The shape is a spike: one neighbor leads, and the remaining nine are meaningfully lower. Looking at the subcategory composition of those nine, no other automotive Parts and Accessories entity appears in the top 10 — Les Schwab's nearest audiences are shaped almost entirely by cross-kind neighbors. Human Bean (Coffee and Tea, 0.73) and Alta Convenience (Convenience Stores, 0.73) represent everyday-errand retail. Kaitlin Bennett (Activists, 0.73) and Zac Brown Band (Musicians and Bands, 0.72) pull in from the Celebrities and Influencers category. 84 Lumber (Home Improvement and Hardware, 0.72) and TCC (Electronics, 0.71) round out a retail-leaning cluster. NRA (Government, 0.71), Daytona International Speedway (Venues, 0.71), and Bindi Irwin (TV Personalities, 0.70) complete the set.
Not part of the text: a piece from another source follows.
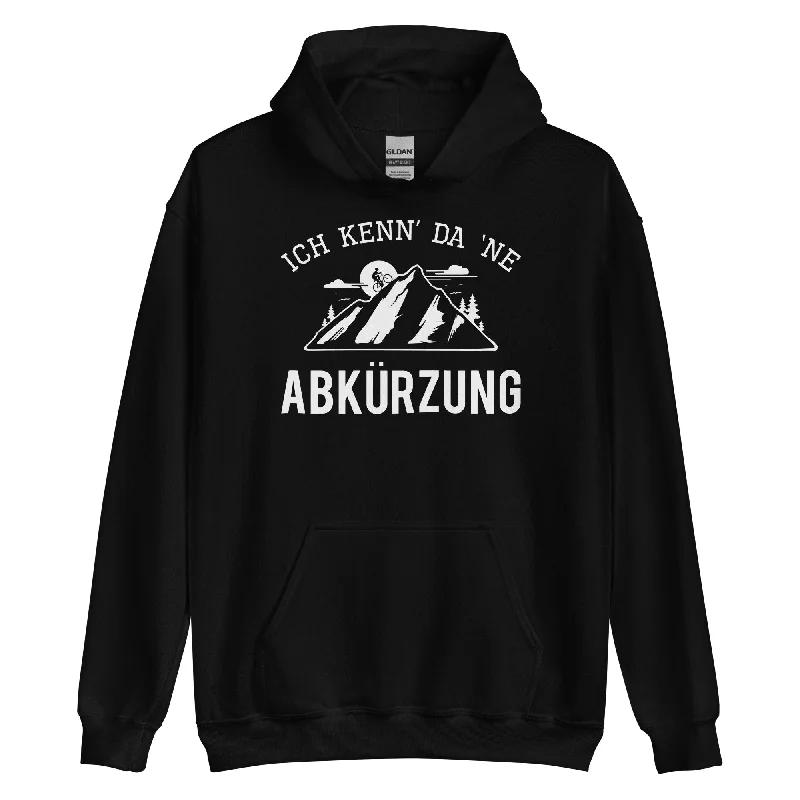 Ich kenn da ne Abkürzung - (M) - Unisex Hoodie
The dominant subcategories across the ten are Electronics, Convenience Stores, Musicians and Bands, and Home Improvement — none of them automotive.
The spike structure, combined with the cross-kind composition, suggests Les Schwab's audience is defined less by automotive interest than by a specific regional and lifestyle profile that Cellular Sales, convenience retail, and country-adjacent entertainment all happen to share.